You have a right to clean water! Farmers need clean water for livestock and growing crops. Sportsmen and women need clean water for healthy fish and wildlife populations. And every American deserves clean water to drink, swim in, boat on, splash through, and enjoy. The Izaak Walton League has been fighting for clean water since 1922. And we're fighting for you today!

No Such Thing as Too Much Science!

At the end of June, EPA published a rulemaking notice that claims the Clean Water Rule, designed to protect water quality across America, relies too much on science. The Izaak Walton League believes you can’t rely TOO MUCH on science when it comes to protecting public health and our drinking water.

Warning sign for polluted water (Photo credit: iStock)

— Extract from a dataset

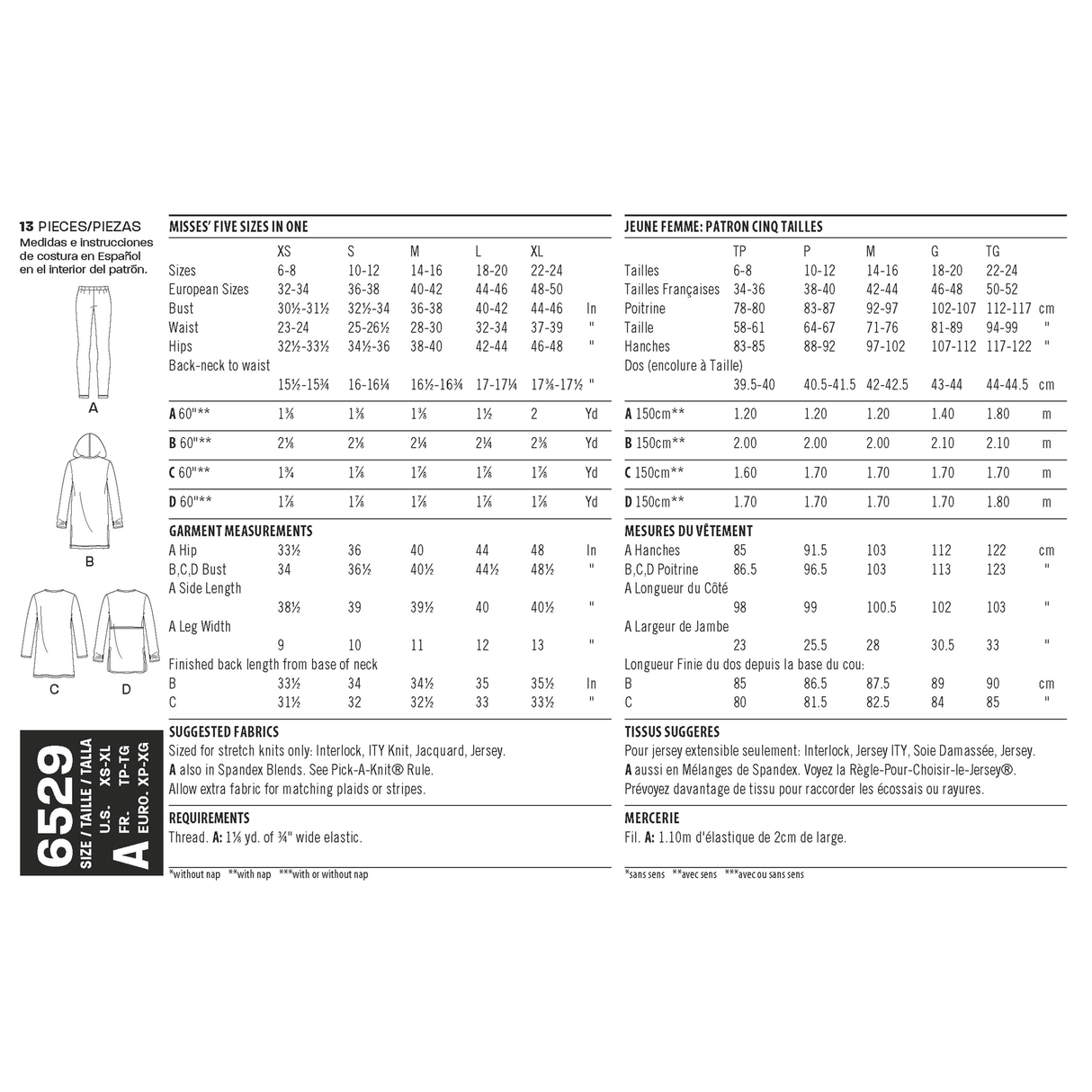 Patron New Look n°6529 – Ensemble décontracté pour femme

Rewrite of the Clean Water Rule Writes Off Protections for Most Streams Nationwide

In February 2017, President Trump signed an executive order directing the Environmental Protection Agency (EPA) and Army Corps of Engineers to repeal the Clean Water Rule defining the waters protected by the Clean Water Act. In addition, the president directed EPA and the Corps to replace the rule with a new one that considers the opinion written by the late Supreme Court Justice Antonin Scalia in Rapanos v. United States.

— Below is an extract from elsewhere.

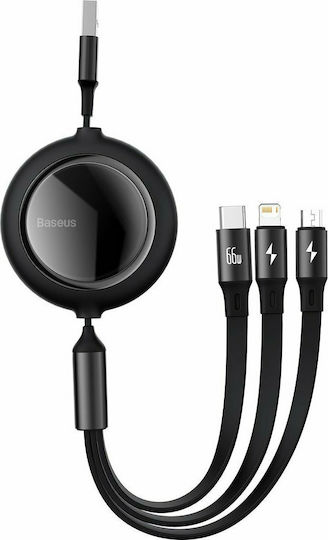 Baseus Bright Mirror Равен / Подвижен USB към Lightning / Type-C / micro USB Кабел 3.5Спецификация Черен 1.2м (CAMLC-MJ01)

In his minority opinion, which was not adopted by the Supreme Court, Justice Scalia sought to dramatically reduce the waterbodies that would be protected by the Clean Water Act. His position is not based on science, the purpose of the Clean Water Act, or common sense. Many streams and wetlands would lose essential protections, including:

  • 60 percent of streams in America: Since 6 in 10 streams do not flow continuously, many tributaries to rivers and larger streams would lose protection, meaning pollution flowing into these tributaries would not be prohibited under the Clean Water Act. But that pollution will still wind up in even continuously flowing rivers and streams from these tributaries.
  • Sources of drinking water for 1 in 3 Americans: 117 million of us draw all or some of our water from public drinking water systems that depend at least partly on the streams that do not flow continuously.
  • 20 million acres of wetlands: All or parts of iconic wetlands like the Big Cypress Swamp in Florida and the Atchafalaya Basin in Louisiana, as well prairie potholes in the northern Great Plains that provide the majority of waterfowl nesting habitat in North America, would lose protection from draining or filling.